──────── Supplied records ────────
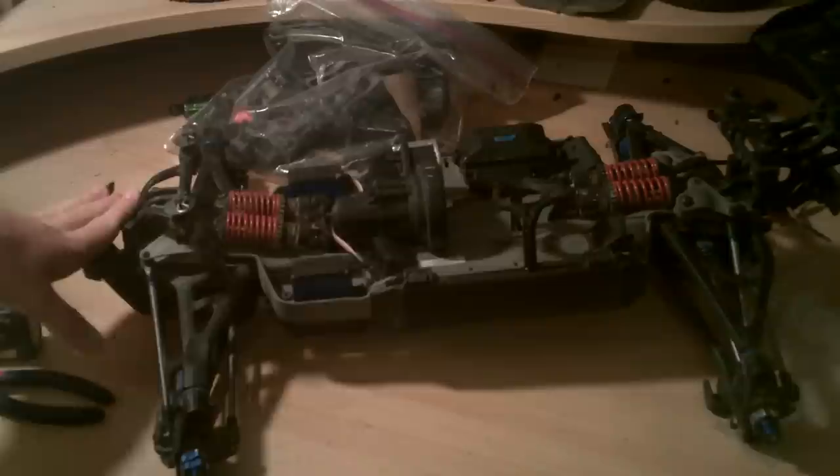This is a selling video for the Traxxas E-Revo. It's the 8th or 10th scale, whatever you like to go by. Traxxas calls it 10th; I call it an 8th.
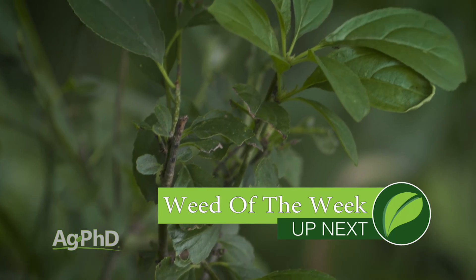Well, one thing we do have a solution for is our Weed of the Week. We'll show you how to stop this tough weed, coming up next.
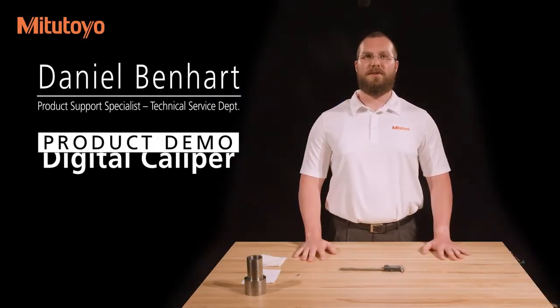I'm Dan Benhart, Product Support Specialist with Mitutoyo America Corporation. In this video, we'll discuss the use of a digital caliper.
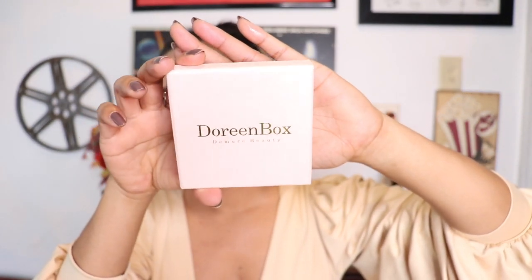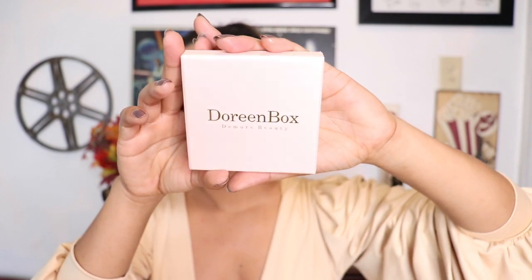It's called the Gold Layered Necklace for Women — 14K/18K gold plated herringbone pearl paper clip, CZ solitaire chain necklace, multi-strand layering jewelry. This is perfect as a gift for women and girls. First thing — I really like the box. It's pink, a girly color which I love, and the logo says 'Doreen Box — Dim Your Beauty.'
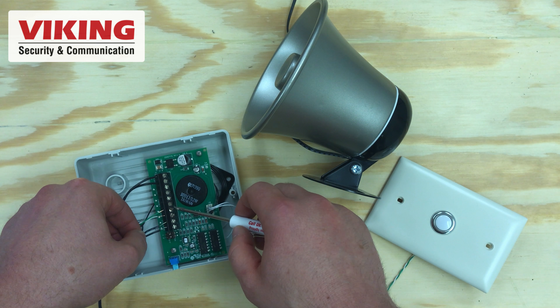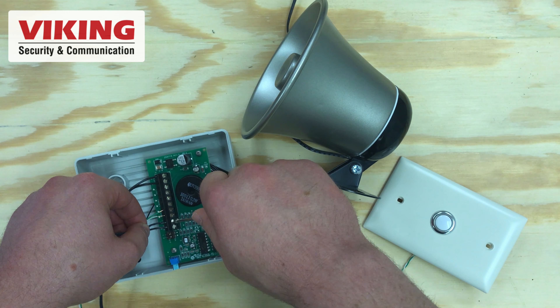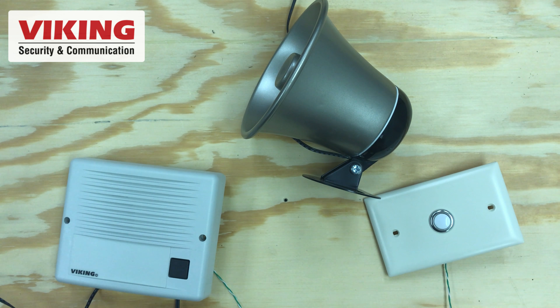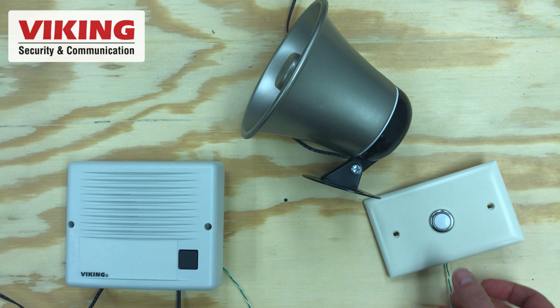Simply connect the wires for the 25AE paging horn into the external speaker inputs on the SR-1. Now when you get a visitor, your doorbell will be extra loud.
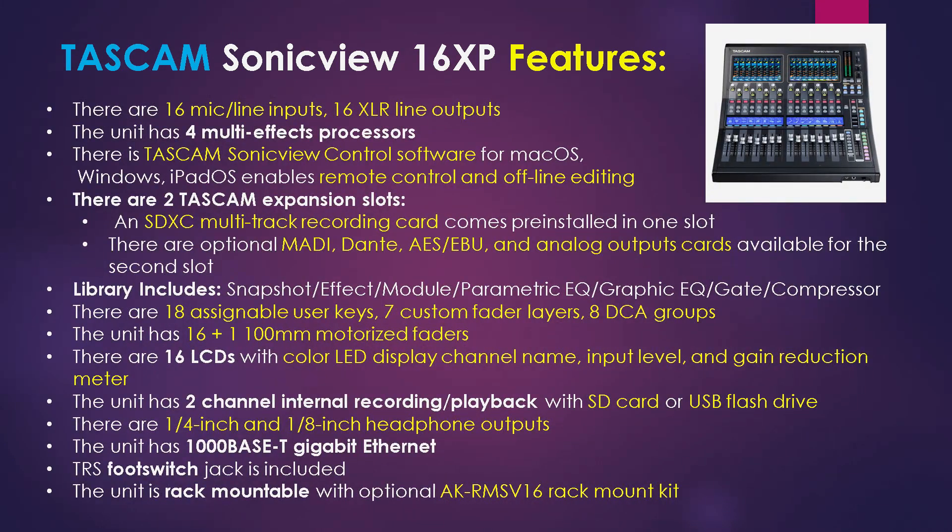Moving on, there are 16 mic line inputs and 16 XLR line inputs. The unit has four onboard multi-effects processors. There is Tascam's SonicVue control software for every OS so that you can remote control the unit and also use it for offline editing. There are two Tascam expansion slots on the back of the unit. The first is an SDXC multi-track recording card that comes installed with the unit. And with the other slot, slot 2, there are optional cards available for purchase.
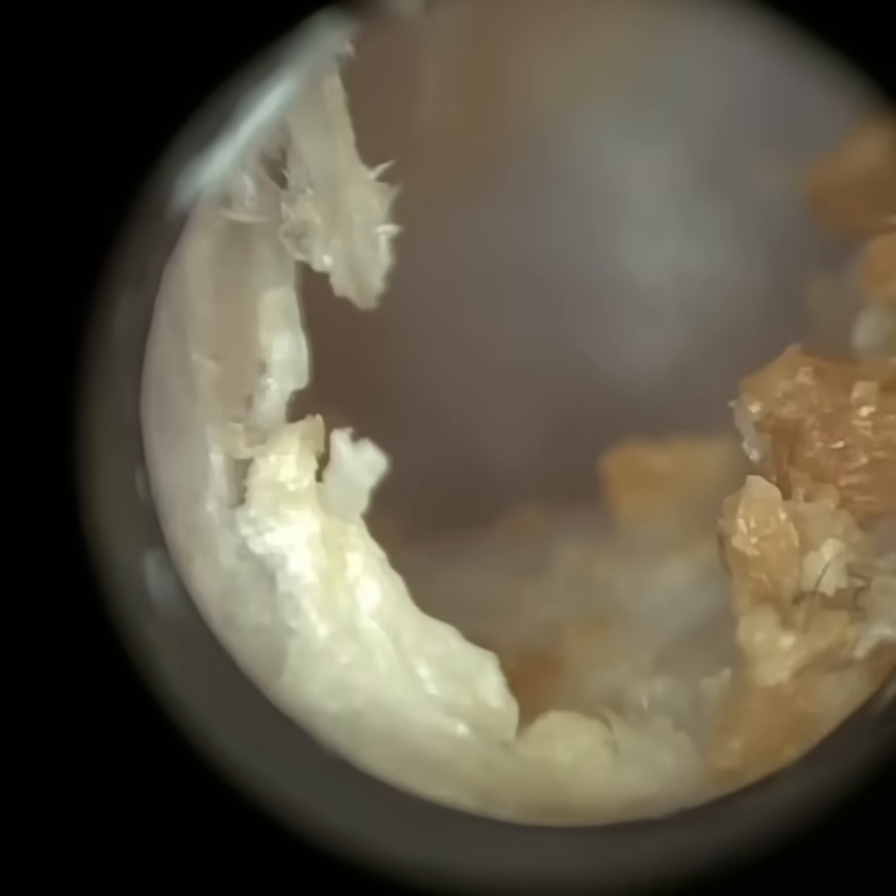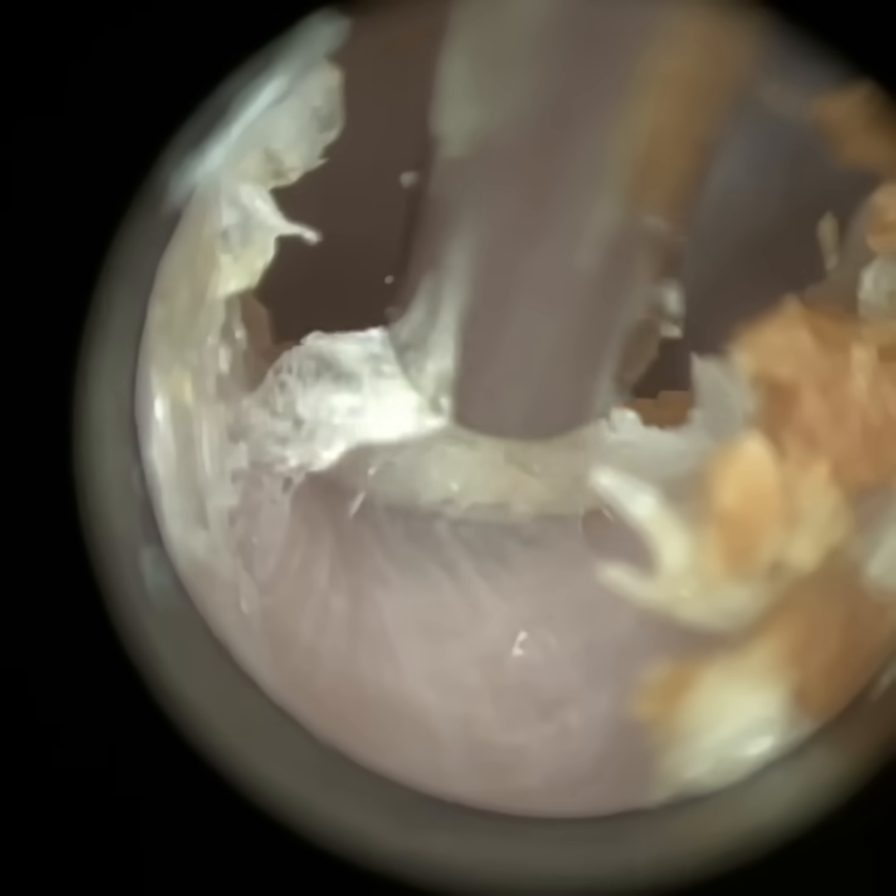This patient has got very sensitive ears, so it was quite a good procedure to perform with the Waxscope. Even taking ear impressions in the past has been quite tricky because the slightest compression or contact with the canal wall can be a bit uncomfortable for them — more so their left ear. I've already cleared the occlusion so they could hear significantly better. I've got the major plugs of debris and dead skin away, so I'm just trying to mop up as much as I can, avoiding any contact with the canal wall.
────────
──────── Supplied records ────────
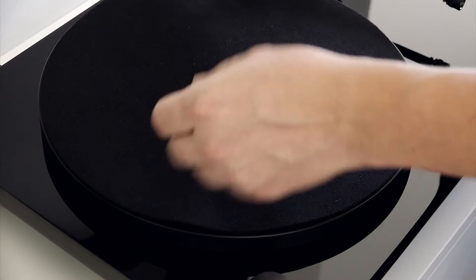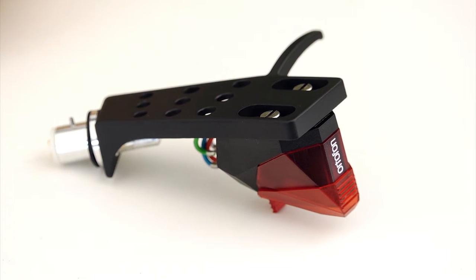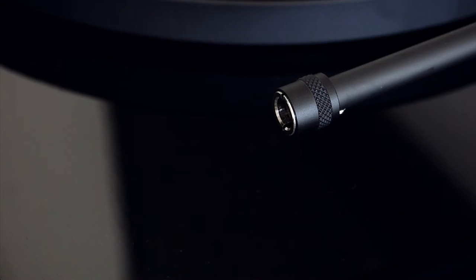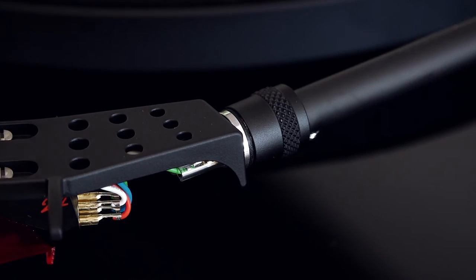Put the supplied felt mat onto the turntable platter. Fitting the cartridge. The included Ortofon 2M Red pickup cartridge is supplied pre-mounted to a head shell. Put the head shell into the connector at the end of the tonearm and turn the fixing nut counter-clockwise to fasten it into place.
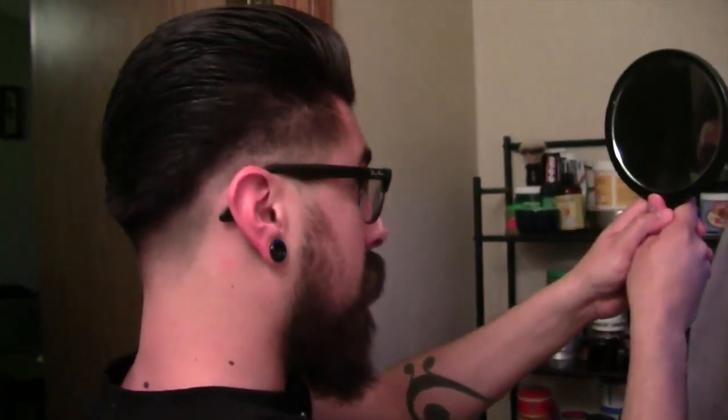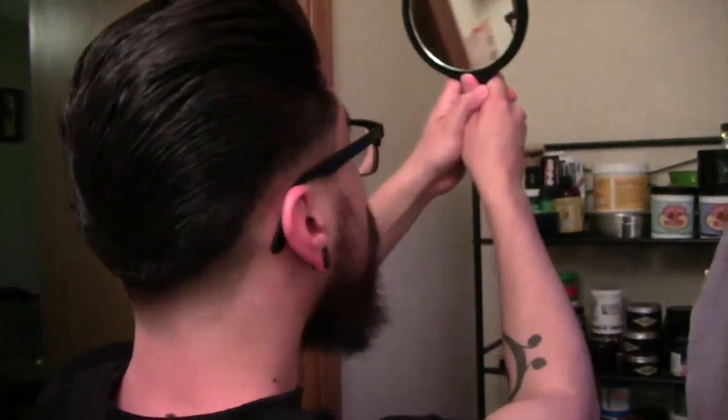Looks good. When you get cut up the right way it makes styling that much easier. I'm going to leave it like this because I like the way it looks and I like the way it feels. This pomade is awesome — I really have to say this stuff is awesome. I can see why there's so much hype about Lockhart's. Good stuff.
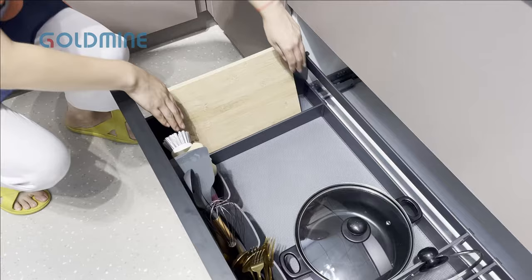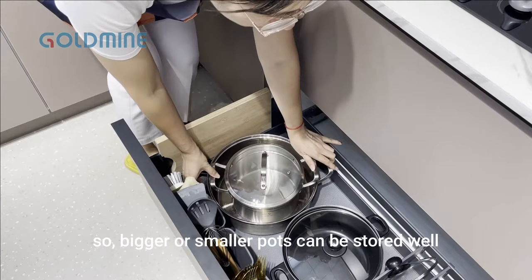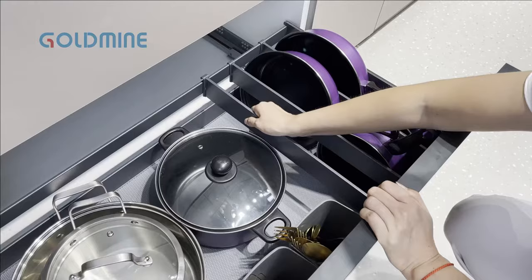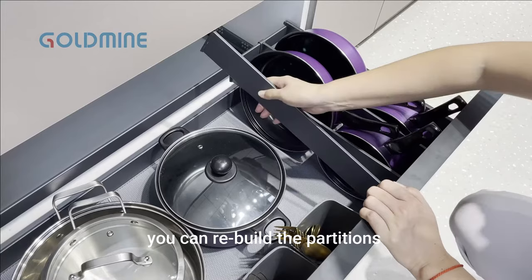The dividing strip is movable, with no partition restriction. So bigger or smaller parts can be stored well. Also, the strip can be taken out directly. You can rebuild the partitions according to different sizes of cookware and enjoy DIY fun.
────────
──────── Supplied records ────────
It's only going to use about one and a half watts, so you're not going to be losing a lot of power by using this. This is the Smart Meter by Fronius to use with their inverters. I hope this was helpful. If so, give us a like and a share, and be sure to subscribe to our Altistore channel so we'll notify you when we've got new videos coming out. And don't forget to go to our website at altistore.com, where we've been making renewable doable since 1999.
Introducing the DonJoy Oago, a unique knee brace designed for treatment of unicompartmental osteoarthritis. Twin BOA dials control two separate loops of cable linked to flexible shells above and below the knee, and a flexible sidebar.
────────
From the records above, give again only the part that opens with the line containing "Looks good. When" and closes with the line containing "The dividing strip". Keep both ends but drop the pictures.

§ Expected output:
Looks good. When you get cut up the right way it makes styling that much easier. I'm going to leave it like this because I like the way it looks and I like the way it feels. This pomade is awesome — I really have to say this stuff is awesome. I can see why there's so much hype about Lockhart's. Good stuff.
The dividing strip is movable, with no partition restriction. So bigger or smaller parts can be stored well. Also, the strip can be taken out directly. You can rebuild the partitions according to different sizes of cookware and enjoy DIY fun.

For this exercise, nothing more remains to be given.